### Exercise directions
Starting at the line containing "Snorkeling excursion and" and ending at the line containing "Sansevieria masoniana congo crown", print every line of the material below exactly, both ends included, and stop there.
┄┄┄┄┄┄┄┄┄┄
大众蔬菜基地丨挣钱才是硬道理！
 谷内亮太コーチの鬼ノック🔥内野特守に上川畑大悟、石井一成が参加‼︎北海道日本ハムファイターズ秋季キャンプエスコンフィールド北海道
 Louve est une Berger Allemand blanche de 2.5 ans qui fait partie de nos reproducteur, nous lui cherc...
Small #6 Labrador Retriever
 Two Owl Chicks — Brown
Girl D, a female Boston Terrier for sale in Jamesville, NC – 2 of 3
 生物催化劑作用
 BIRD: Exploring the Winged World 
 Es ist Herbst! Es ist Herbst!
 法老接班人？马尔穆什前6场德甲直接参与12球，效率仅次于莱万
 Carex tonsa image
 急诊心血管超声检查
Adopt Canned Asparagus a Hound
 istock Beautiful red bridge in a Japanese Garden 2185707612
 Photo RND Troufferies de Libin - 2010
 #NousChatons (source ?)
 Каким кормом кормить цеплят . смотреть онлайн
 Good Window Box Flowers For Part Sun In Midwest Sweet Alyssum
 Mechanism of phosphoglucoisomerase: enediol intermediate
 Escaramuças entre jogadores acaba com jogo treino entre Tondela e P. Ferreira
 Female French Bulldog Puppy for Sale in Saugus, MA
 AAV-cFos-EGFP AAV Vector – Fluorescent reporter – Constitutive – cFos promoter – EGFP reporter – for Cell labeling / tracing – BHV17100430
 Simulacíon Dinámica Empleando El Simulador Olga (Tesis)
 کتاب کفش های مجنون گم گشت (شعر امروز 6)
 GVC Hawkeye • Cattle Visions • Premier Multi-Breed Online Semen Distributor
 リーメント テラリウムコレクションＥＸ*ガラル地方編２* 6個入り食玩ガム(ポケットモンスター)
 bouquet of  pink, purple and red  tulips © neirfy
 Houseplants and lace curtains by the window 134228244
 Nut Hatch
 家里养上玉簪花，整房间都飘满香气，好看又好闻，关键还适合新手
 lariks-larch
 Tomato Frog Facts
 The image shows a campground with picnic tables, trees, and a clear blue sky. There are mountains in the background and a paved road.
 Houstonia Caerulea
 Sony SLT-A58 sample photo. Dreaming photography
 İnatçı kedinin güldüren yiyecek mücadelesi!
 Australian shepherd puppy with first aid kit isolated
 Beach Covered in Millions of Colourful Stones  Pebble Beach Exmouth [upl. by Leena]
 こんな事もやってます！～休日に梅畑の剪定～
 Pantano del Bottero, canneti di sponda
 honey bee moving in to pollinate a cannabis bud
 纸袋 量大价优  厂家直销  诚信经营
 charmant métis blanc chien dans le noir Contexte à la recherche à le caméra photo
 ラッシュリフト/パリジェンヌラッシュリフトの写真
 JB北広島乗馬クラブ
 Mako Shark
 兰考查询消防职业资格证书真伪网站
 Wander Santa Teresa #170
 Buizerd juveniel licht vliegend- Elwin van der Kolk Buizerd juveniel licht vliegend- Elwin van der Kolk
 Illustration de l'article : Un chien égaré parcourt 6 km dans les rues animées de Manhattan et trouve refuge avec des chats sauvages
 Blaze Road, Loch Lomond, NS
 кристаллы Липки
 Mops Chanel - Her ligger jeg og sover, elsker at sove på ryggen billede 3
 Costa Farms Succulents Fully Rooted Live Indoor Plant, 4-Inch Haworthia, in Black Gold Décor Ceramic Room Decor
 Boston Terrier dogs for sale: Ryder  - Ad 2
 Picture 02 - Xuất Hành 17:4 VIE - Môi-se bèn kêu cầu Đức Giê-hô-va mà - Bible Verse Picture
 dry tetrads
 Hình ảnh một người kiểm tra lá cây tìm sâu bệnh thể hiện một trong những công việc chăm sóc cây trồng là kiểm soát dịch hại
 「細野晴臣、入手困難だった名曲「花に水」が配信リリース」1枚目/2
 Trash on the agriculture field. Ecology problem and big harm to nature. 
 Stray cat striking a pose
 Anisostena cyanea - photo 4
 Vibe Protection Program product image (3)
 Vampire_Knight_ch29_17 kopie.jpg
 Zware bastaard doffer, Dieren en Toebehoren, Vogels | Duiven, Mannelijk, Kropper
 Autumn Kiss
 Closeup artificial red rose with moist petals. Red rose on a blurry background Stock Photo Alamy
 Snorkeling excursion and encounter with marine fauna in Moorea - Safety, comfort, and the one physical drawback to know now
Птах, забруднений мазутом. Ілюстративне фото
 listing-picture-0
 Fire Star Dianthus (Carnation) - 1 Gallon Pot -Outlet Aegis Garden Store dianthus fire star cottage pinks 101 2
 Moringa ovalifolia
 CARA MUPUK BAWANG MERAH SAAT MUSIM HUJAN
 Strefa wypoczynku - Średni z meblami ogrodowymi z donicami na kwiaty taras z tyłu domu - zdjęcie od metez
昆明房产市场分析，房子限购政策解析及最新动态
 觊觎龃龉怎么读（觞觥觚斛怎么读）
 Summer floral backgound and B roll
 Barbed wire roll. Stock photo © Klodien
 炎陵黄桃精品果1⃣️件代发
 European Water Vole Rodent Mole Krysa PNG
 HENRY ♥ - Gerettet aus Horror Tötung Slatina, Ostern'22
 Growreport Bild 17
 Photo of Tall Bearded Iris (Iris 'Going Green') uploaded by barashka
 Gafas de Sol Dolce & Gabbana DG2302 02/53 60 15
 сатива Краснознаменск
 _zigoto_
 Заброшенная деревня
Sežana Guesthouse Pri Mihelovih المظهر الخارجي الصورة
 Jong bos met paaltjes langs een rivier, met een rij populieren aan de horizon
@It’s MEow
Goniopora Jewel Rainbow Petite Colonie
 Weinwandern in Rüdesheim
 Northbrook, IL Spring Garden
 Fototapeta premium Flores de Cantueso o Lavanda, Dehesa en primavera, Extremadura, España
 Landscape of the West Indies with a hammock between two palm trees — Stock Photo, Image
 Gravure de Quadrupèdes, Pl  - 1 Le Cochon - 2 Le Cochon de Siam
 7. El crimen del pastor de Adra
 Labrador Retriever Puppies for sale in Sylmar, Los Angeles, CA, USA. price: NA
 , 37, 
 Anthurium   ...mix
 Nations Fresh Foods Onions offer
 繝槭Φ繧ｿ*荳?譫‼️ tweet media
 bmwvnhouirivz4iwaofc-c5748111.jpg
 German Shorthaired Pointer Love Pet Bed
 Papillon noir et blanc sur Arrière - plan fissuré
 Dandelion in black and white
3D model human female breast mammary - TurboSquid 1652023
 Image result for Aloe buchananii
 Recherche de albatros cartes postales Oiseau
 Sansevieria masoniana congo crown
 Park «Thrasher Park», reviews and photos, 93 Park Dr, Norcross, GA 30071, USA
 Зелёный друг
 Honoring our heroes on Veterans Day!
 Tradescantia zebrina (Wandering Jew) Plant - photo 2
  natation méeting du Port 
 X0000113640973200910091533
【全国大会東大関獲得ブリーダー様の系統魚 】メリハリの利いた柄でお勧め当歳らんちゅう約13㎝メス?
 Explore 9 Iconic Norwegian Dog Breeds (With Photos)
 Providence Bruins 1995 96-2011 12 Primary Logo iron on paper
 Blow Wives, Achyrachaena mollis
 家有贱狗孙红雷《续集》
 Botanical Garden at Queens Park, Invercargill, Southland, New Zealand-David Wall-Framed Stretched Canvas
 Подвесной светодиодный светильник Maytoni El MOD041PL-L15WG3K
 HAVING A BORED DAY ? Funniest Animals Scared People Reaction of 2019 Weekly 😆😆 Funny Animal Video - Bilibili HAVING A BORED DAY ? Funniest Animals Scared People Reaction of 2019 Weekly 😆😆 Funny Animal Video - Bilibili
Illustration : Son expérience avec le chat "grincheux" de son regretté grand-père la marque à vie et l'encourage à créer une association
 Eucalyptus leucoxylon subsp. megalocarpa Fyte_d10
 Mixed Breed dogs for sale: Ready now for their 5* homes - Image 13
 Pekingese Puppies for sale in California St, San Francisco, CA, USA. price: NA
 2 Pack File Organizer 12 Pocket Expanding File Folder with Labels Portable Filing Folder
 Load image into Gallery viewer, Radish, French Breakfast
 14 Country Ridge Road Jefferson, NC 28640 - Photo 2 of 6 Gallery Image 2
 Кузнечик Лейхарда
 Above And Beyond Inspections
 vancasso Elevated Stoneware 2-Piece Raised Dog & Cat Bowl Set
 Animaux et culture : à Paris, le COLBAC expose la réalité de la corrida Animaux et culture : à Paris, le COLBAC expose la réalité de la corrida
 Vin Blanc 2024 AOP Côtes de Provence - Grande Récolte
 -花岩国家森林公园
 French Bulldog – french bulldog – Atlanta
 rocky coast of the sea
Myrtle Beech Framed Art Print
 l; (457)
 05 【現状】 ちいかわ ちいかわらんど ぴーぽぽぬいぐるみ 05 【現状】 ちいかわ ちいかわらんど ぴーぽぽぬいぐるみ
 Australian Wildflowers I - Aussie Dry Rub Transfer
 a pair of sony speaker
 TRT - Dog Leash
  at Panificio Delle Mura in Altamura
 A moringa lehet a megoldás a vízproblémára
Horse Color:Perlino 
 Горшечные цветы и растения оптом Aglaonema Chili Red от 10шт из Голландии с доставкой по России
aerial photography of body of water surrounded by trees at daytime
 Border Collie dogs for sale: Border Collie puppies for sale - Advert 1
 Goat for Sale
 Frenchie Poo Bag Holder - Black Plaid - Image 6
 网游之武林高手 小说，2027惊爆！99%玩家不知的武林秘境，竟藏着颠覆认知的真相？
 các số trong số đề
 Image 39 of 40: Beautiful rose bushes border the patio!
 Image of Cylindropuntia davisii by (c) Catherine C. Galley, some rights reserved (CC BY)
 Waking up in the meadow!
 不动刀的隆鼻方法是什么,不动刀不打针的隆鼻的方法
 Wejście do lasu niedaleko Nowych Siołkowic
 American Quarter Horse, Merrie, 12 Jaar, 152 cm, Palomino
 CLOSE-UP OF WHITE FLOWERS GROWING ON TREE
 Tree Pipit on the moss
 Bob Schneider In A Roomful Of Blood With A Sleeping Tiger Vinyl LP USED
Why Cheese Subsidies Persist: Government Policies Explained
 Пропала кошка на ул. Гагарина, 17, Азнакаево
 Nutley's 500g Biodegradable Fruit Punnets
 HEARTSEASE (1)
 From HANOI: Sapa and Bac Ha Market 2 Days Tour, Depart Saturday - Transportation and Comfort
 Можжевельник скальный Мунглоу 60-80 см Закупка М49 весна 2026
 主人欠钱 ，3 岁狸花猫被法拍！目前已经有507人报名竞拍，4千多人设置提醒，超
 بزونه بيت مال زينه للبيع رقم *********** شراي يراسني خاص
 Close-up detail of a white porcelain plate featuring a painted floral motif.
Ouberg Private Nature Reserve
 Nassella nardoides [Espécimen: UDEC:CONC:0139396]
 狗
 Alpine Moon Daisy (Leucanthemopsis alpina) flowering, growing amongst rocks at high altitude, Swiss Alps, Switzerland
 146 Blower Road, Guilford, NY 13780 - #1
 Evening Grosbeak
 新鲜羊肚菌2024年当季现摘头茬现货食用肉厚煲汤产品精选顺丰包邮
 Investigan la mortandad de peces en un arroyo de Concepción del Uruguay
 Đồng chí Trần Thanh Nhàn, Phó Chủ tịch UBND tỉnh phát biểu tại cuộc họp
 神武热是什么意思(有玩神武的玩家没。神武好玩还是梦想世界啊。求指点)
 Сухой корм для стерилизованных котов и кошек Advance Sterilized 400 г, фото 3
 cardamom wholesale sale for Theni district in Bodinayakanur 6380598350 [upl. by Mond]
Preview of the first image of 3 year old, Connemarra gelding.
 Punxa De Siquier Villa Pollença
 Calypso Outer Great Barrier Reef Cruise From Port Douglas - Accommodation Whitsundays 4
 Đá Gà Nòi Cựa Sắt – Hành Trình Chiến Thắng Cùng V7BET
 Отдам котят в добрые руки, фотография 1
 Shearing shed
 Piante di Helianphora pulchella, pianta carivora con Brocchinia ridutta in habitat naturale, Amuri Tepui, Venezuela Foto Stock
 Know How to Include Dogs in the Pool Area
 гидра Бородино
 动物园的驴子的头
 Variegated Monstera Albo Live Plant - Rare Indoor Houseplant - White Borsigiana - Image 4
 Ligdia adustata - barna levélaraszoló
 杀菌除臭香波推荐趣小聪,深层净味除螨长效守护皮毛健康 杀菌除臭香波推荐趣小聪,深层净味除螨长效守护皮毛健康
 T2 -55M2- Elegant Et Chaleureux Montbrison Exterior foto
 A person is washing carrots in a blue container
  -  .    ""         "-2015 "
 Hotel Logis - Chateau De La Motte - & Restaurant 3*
┄┄┄┄┄┄┄┄┄┄
### Result below
 Snorkeling excursion and encounter with marine fauna in Moorea - Safety, comfort, and the one physical drawback to know now
Птах, забруднений мазутом. Ілюстративне фото
 listing-picture-0
 Fire Star Dianthus (Carnation) - 1 Gallon Pot -Outlet Aegis Garden Store dianthus fire star cottage pinks 101 2
 Moringa ovalifolia
 CARA MUPUK BAWANG MERAH SAAT MUSIM HUJAN
 Strefa wypoczynku - Średni z meblami ogrodowymi z donicami na kwiaty taras z tyłu domu - zdjęcie od metez
昆明房产市场分析，房子限购政策解析及最新动态
 觊觎龃龉怎么读（觞觥觚斛怎么读）
 Summer floral backgound and B roll
 Barbed wire roll. Stock photo © Klodien
 炎陵黄桃精品果1⃣️件代发
 European Water Vole Rodent Mole Krysa PNG
 HENRY ♥ - Gerettet aus Horror Tötung Slatina, Ostern'22
 Growreport Bild 17
 Photo of Tall Bearded Iris (Iris 'Going Green') uploaded by barashka
 Gafas de Sol Dolce & Gabbana DG2302 02/53 60 15
 сатива Краснознаменск
 _zigoto_
 Заброшенная деревня
Sežana Guesthouse Pri Mihelovih المظهر الخارجي الصورة
 Jong bos met paaltjes langs een rivier, met een rij populieren aan de horizon
@It’s MEow
Goniopora Jewel Rainbow Petite Colonie
 Weinwandern in Rüdesheim
 Northbrook, IL Spring Garden
 Fototapeta premium Flores de Cantueso o Lavanda, Dehesa en primavera, Extremadura, España
 Landscape of the West Indies with a hammock between two palm trees — Stock Photo, Image
 Gravure de Quadrupèdes, Pl  - 1 Le Cochon - 2 Le Cochon de Siam
 7. El crimen del pastor de Adra
 Labrador Retriever Puppies for sale in Sylmar, Los Angeles, CA, USA. price: NA
 , 37, 
 Anthurium   ...mix
 Nations Fresh Foods Onions offer
 繝槭Φ繧ｿ*荳?譫‼️ tweet media
 bmwvnhouirivz4iwaofc-c5748111.jpg
 German Shorthaired Pointer Love Pet Bed
 Papillon noir et blanc sur Arrière - plan fissuré
 Dandelion in black and white
3D model human female breast mammary - TurboSquid 1652023
 Image result for Aloe buchananii
 Recherche de albatros cartes postales Oiseau
 Sansevieria masoniana congo crown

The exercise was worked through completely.